### [Exercise goal]
Return each line of the listing exactly, though without its images.

### [Information supplied]
======

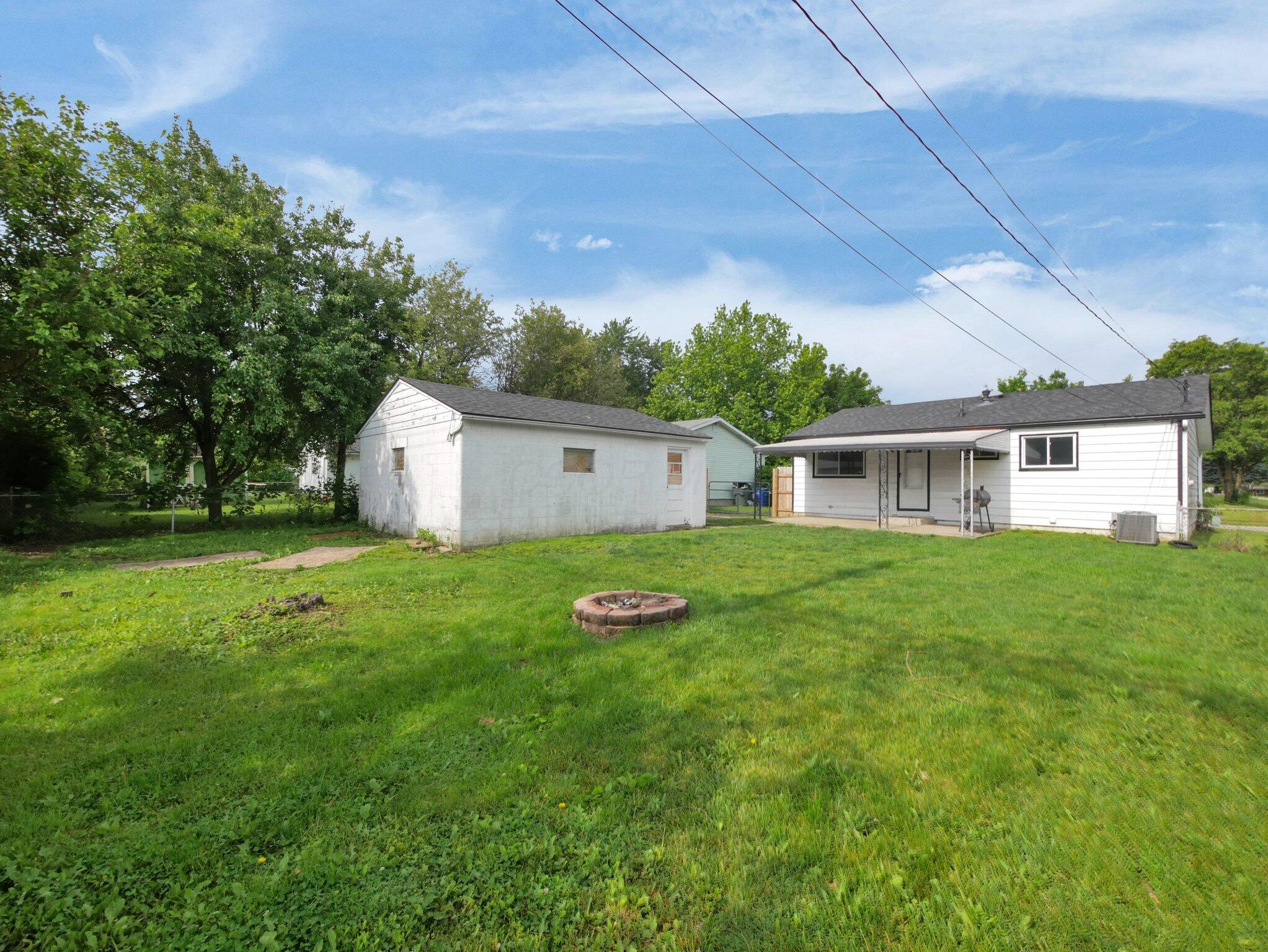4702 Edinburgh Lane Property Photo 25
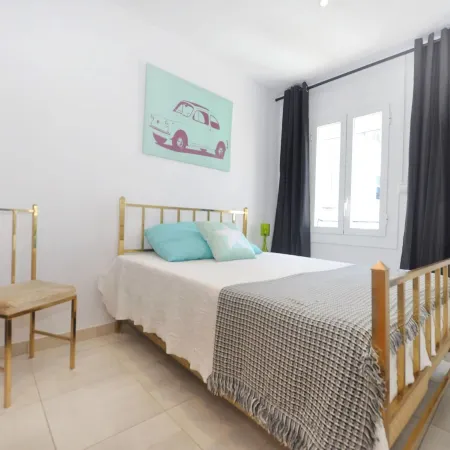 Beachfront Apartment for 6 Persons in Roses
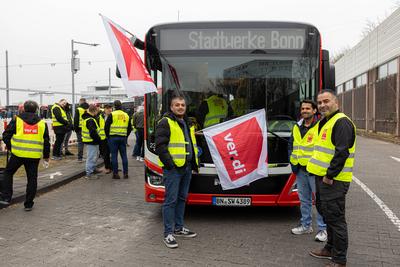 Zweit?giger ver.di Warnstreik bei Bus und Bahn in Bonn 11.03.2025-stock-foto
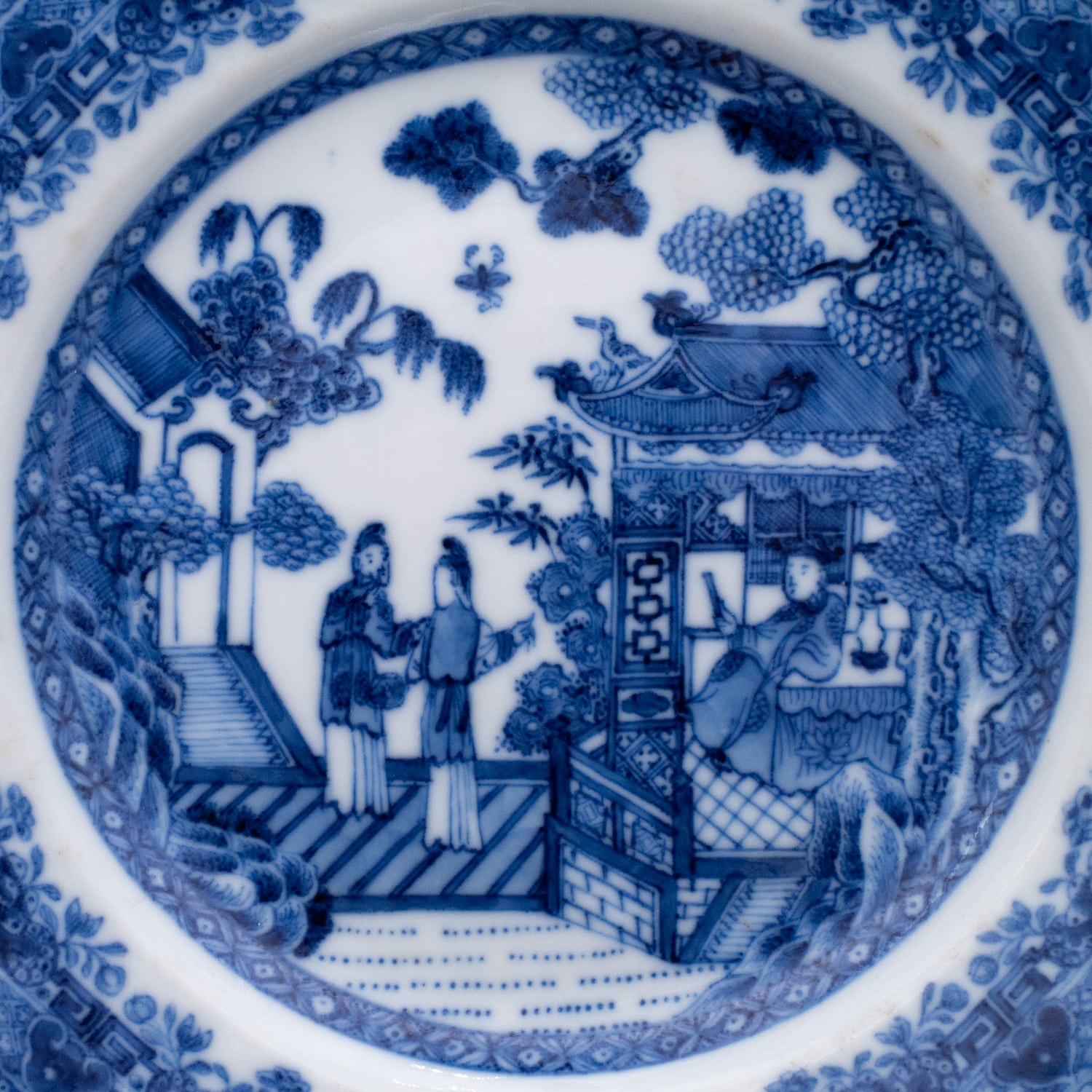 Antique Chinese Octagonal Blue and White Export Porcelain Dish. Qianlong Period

======

### [Reply]
4702 Edinburgh Lane Property Photo 25
 Beachfront Apartment for 6 Persons in Roses
 Zweit?giger ver.di Warnstreik bei Bus und Bahn in Bonn 11.03.2025-stock-foto
 Antique Chinese Octagonal Blue and White Export Porcelain Dish. Qianlong Period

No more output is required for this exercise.